ASSIGNED TASK:
Please reproduce the lines of the records below from the one holding "27539 HARNESS LANE" through the one holding "Property photo of", inclusive, skipping all pictures.
-- Opening Marker --
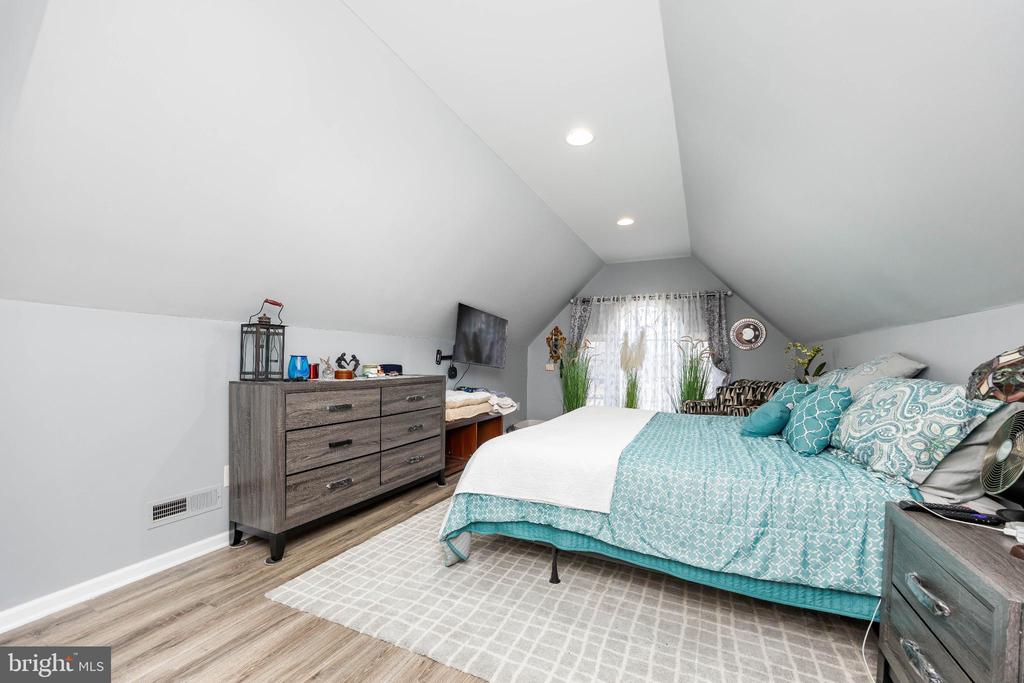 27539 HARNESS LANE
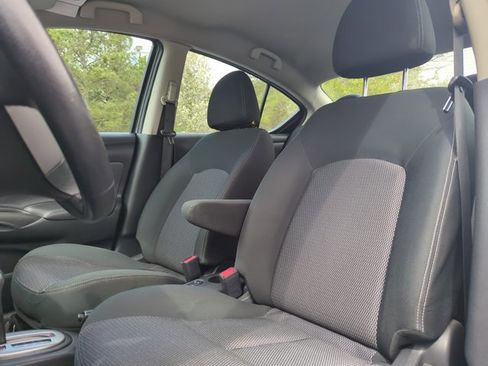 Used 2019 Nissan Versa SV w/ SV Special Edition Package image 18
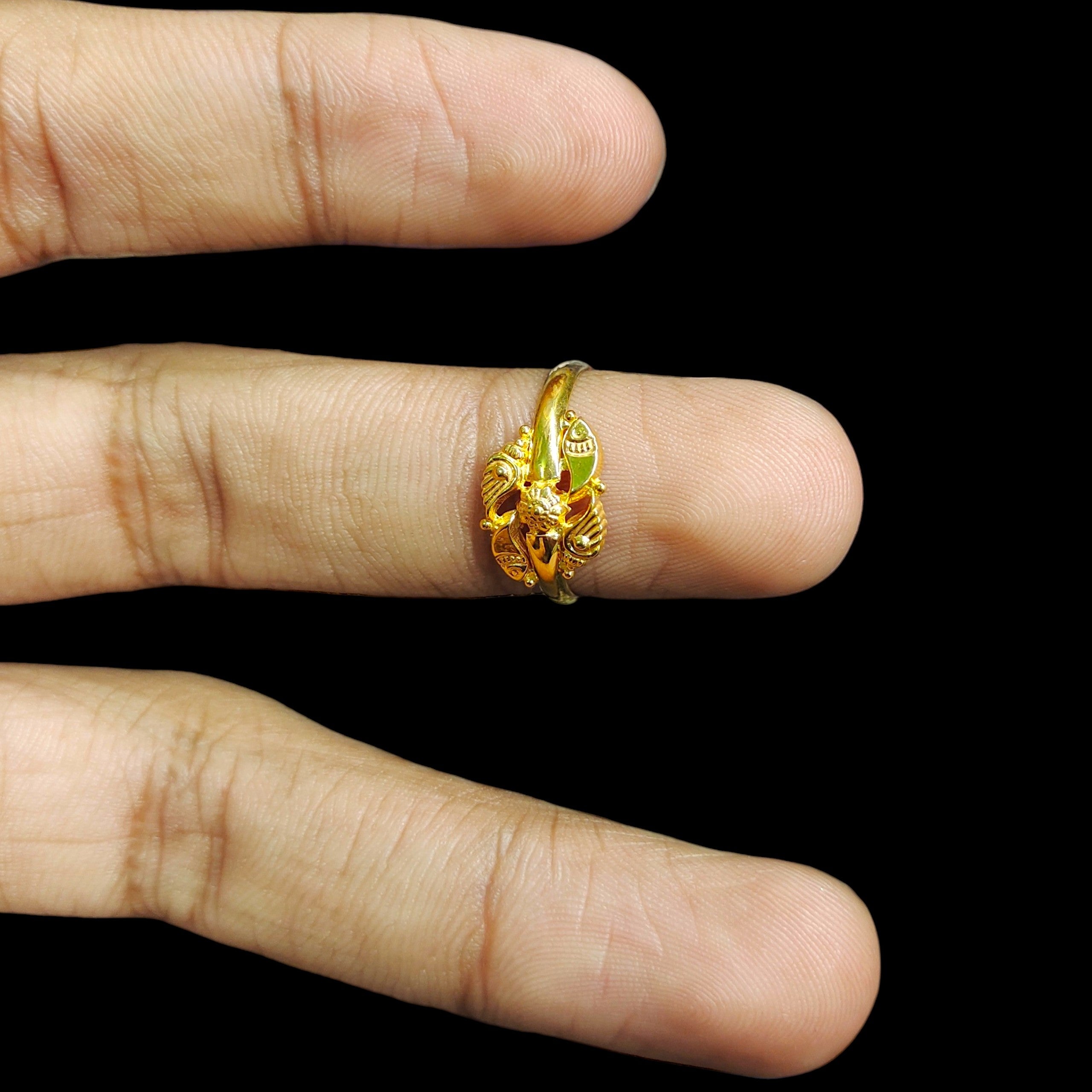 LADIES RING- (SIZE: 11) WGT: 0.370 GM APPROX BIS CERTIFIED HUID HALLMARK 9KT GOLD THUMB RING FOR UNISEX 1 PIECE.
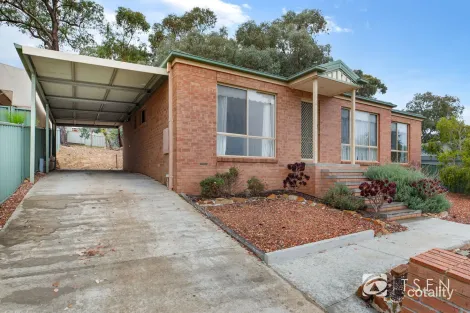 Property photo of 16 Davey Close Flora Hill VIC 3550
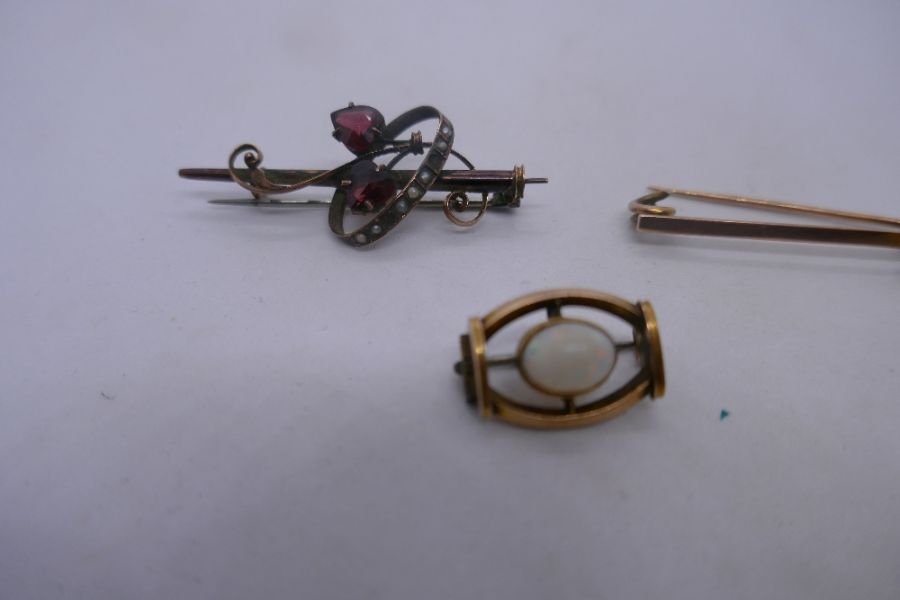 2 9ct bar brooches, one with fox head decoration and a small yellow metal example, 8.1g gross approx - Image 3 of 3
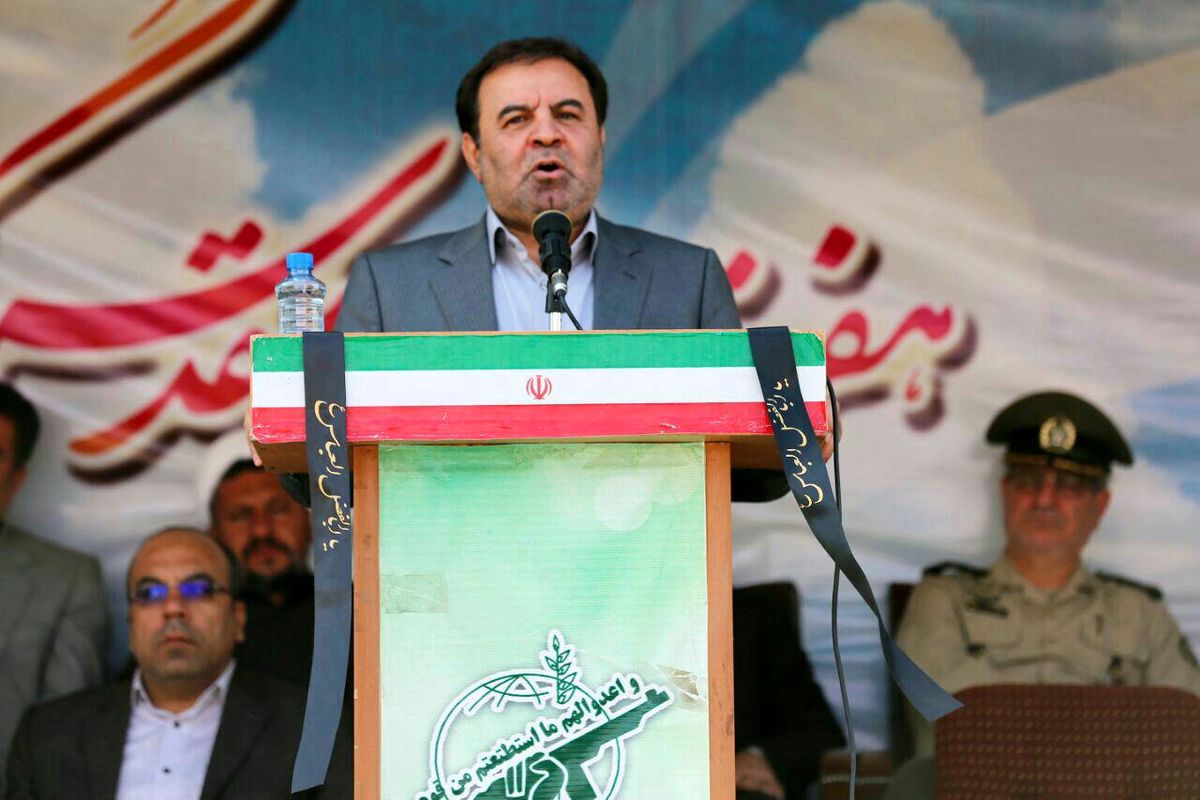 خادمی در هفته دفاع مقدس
-- Closing Marker --
-- Opening Marker --
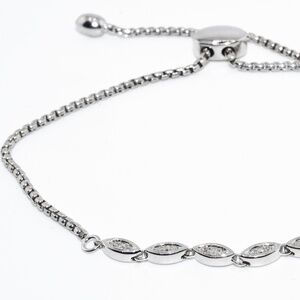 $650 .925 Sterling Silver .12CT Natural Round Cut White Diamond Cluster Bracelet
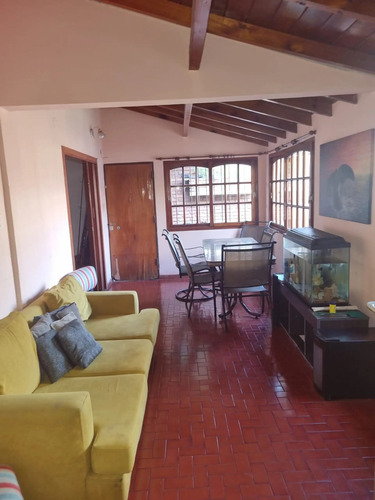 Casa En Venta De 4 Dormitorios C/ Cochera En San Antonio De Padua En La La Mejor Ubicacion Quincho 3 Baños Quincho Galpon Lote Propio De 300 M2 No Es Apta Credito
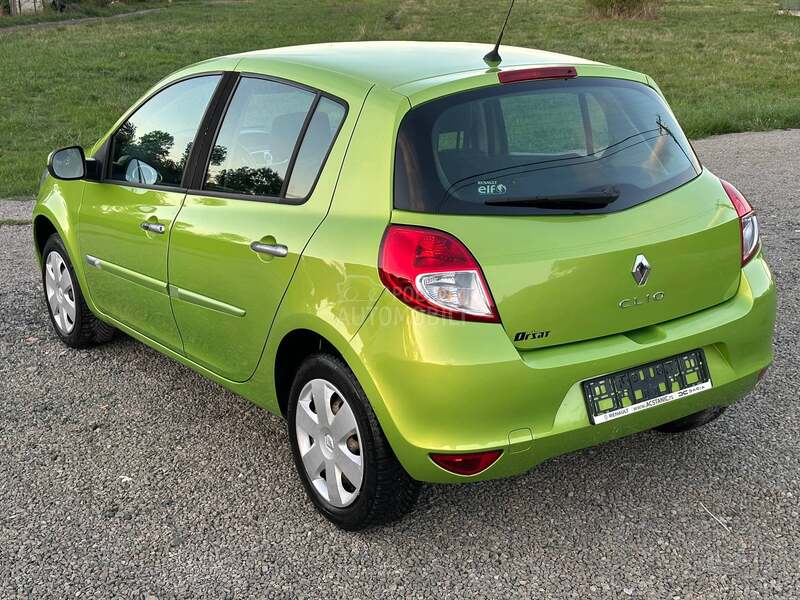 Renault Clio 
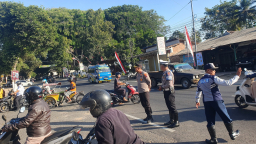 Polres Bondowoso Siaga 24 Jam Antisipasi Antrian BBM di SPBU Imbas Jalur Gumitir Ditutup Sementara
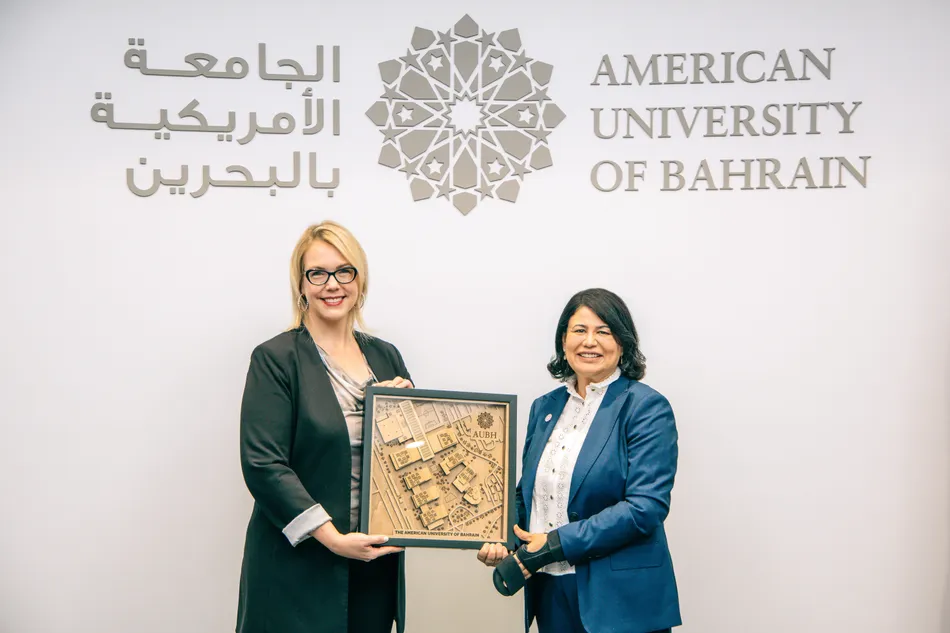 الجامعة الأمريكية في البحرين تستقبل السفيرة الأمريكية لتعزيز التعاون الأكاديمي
-- Closing Marker --
FINISHED EXERCISE:
 27539 HARNESS LANE
 Used 2019 Nissan Versa SV w/ SV Special Edition Package image 18
 LADIES RING- (SIZE: 11) WGT: 0.370 GM APPROX BIS CERTIFIED HUID HALLMARK 9KT GOLD THUMB RING FOR UNISEX 1 PIECE.
 Property photo of 16 Davey Close Flora Hill VIC 3550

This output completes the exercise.